Лес валили, работая расчётами, как артиллеристы. Сначала рабочий убирал снег и всю поросль вокруг выбранного ствола. Потом шёл вальщик. У него — электропила. В лесу шумели дизель-генераторы, разгоняя дичь (но не мошку и комаров, увы). От них к пиле шёл кабель. Его волок за вальщиком другой рабочий. Вальщик делал надрез на стволе. Тут в дело вступал толкач с крепким дрыном в руках. Он толкал подпиленный ствол и укладывал дерево куда надо, а не на соседние кроны и не на других рабочих.
Потом шли рубщики сучьев с топорами. Подъезжал трактор КТ и трелевал хлысты к дороге. А она была железной.
Рельсы в Пиляндыш завозили по воде, на баржах. Разгружали километрах в двух от посёлка. Бригада Александры Михайловны вечером грузила их на платформы, утром везла на стройку. Шпалы делали в самом посёлке. В то время вели узкоколейку до Андреевского (Андрей Ключ). Посёлок был в 30 километрах от Пиляндыша, со школой (начальной), магазинами, медпунктом. Сейчас там снова тайга.
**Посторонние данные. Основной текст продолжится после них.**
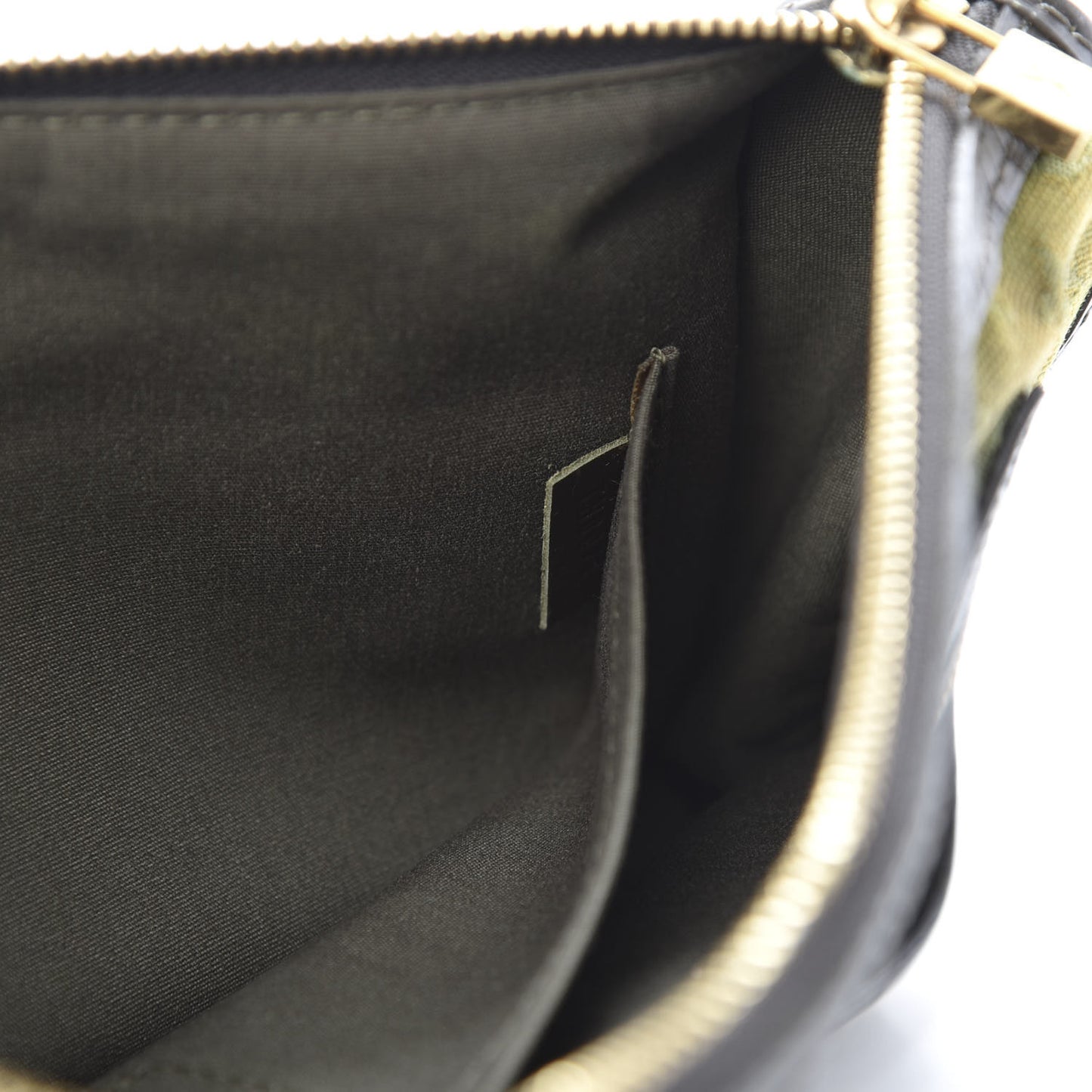 Mini Monogram Kathleen Pochette Kaki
От магистрали укладывались усы до делянок, это ещё многие километры.
Семиметровые рельсы кантовали вручную. Тяжеловатые сосновые шпалы — тоже. На каждой шпале вбивали четыре костыля для крепления рельсы. Труд мужской, а в бригаде были одни девушки. Память об этом — нынешние боли в позвоночнике. Дорогу строили с весны до осени. Зимой готовили просеки на следующий сезон.
Чем питались? Дома, конечно, готовили. А в лесу на обед — ломоть хлеба, пачка маргарина да чай, вскипячённый над костром.
Здесь нашей героине повстречался Александр Ильич Сундырев. Он тоже был дорожником. Поженились. В семье — двое детей, дочь и сын. Александра Михайловна ушла с УЖД. Сначала сидела дома с детьми, жили на одну зарплату мужа. Потом устроилась санитаркой в Пиляндышевскую участковую больницу. Здесь она трудилась 12 лет.
В 1974 году семья переехала в Уржум. А.М. Сундырева до выхода на пенсию работала в валяной мастерской райбытуправления. Здесь была уже совсем иная жизнь. Но трудные детство и юность забыть невозможно.